_TASK TO CARRY OUT_: Once you reach the line with "Used 2022 HITACHI ZX26U" in the material below, copy each line exactly up to and including the line with "2026 BMW Serie 3 330i NA xDrive", and skip the pictures.

_GIVEN DATA_:
···
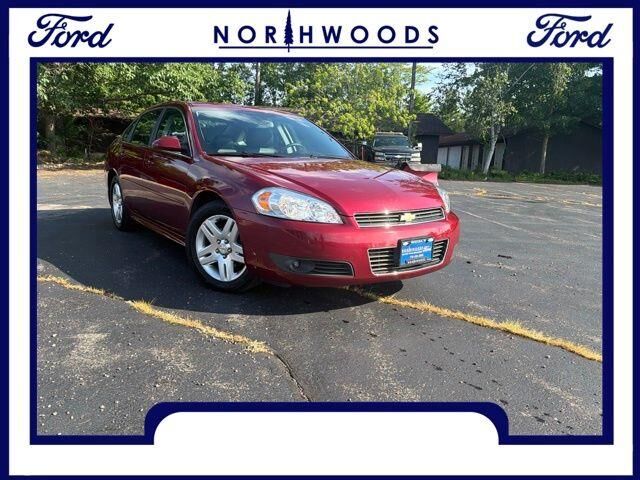 2010 Chevrolet Impala LT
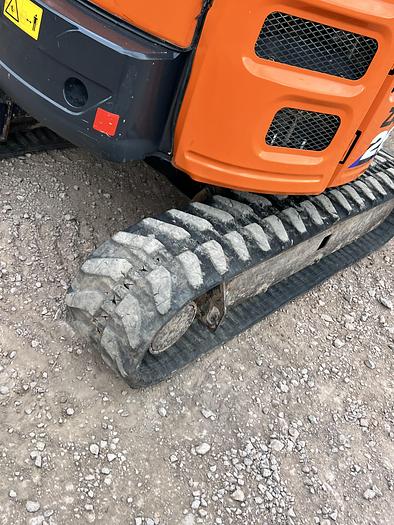 Used 2022 HITACHI ZX26U
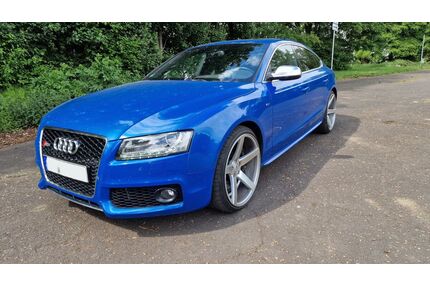 Audi S5 Gebrauchtwagen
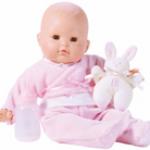 А у нас поселились куклы Corolle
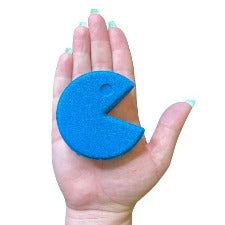 3D Printed Pack-man Bath Bomb Mold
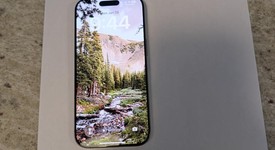 Mint
													Apple iPhone 16 Pro - Unlocked, Natural, 256 GB, A3083, photo 2 of 11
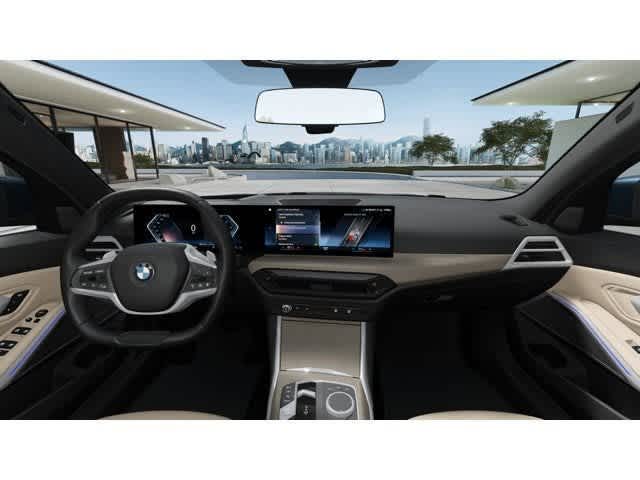 2026 BMW Serie 3 330i NA xDrive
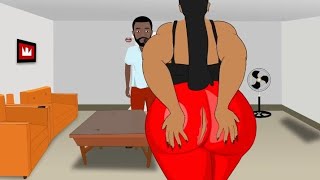 Cartoon Afsoomaali  CHALLENGE XUMAADEY  XAAFDA DHAN OO CHALLANGE ADAG LA KEENAY  😆 🤣 😹 😆 🤣 Funny [upl. by Zelikow601]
···
_ANSWER_:
 Used 2022 HITACHI ZX26U
 Audi S5 Gebrauchtwagen
 А у нас поселились куклы Corolle
 3D Printed Pack-man Bath Bomb Mold
 Mint
													Apple iPhone 16 Pro - Unlocked, Natural, 256 GB, A3083, photo 2 of 11
 2026 BMW Serie 3 330i NA xDrive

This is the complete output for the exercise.